Every line of the listing must be reproduced as it stands. Leave the images behind.

*** DATA BELOW ***

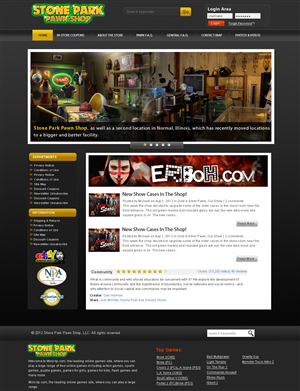 Web Design by webxvision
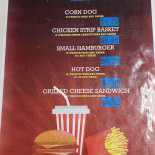 Mickis Pizzeria Meny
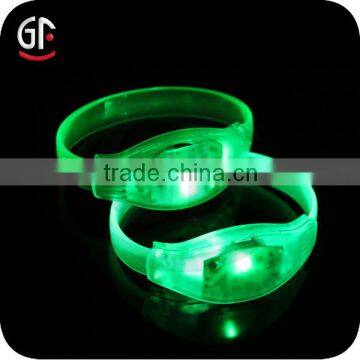 Best Selling New Concerts Stuff Led Flashing Led Bracelet Sound Activated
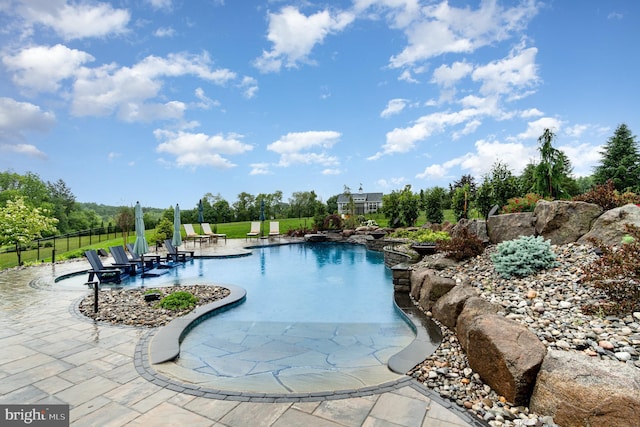 12 Sagecrest Cir, Enola, PA 17025 - swimming pool featuring a patio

*** End of DATA BELOW ***

**WRITTEN RESPONSE:**
 Web Design by webxvision
 Mickis Pizzeria Meny
 Best Selling New Concerts Stuff Led Flashing Led Bracelet Sound Activated
 12 Sagecrest Cir, Enola, PA 17025 - swimming pool featuring a patio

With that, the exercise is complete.